A once-neglected statistical technique
may help to explain how the mind works

SCIENCE, being a human activity, is
not immune to fashion. For example, one of the first
mathematicians to study the subject of probability theory was an
English clergyman called Thomas Bayes, who was born in 1702 and
died in 1761. His ideas about the prediction of future events
from one or two examples were popular for a while, and have
never been fundamentally challenged. But they were eventually
overwhelmed by those of the "frequentist" school, which
developed the methods based on sampling from a large population
that now dominate the field and are used to predict things as
diverse as the outcomes of elections and preferences for
chocolate bars.

Recently, however, Bayes's ideas have
made a comeback among computer scientists trying to design
software with human-like intelligence. *Bayesian*
reasoning now lies at the heart of leading internet search
engines and automated "help wizards". That has prompted some
psychologists to ask if the human brain itself might be a
*Bayesian*-reasoning machine. They
suggest that the *Bayesian* capacity to
draw strong inferences from sparse data could be crucial to the
way the mind perceives the world, plans actions, comprehends and
learns language, reasons from correlation to causation, and even
understands the goals and beliefs of other minds.
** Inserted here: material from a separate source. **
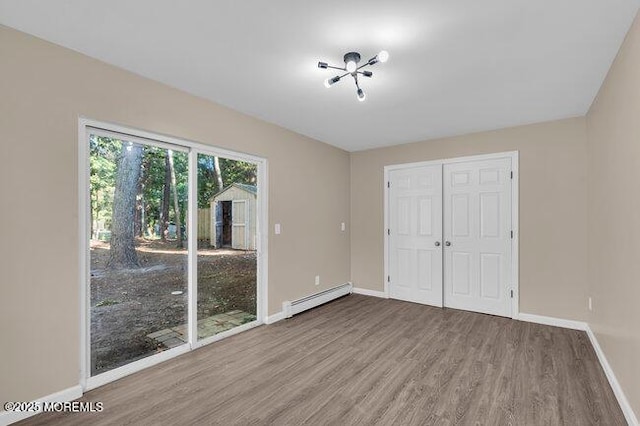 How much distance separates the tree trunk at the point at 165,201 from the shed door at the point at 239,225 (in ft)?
2.54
These researchers have conducted
laboratory experiments that convince them they are on the right
track, but only recently have they begun to look at whether the
brain copes with everyday judgments in the real world in a
*Bayesian* manner. In research to be
published later this year in Psychological Science, Thomas
Griffiths of Brown University in Rhode Island and Joshua
Tenenbaum of the Massachusetts Institute of Technology put the
idea of a *Bayesian* brain to a
quotidian test. They found that it passes with flying colours.

Prior assumptions

The key to successful *
Bayesian* reasoning is not in having an extensive,
unbiased sample, which is the eternal worry of frequentists, but
rather in having an appropriate "prior", as it is known to the
cognoscenti. This prior is an assumption about the way the world
works--in essence, a hypothesis about reality--that can be
expressed as a mathematical probability distribution of the
frequency with which events of a particular magnitude happen.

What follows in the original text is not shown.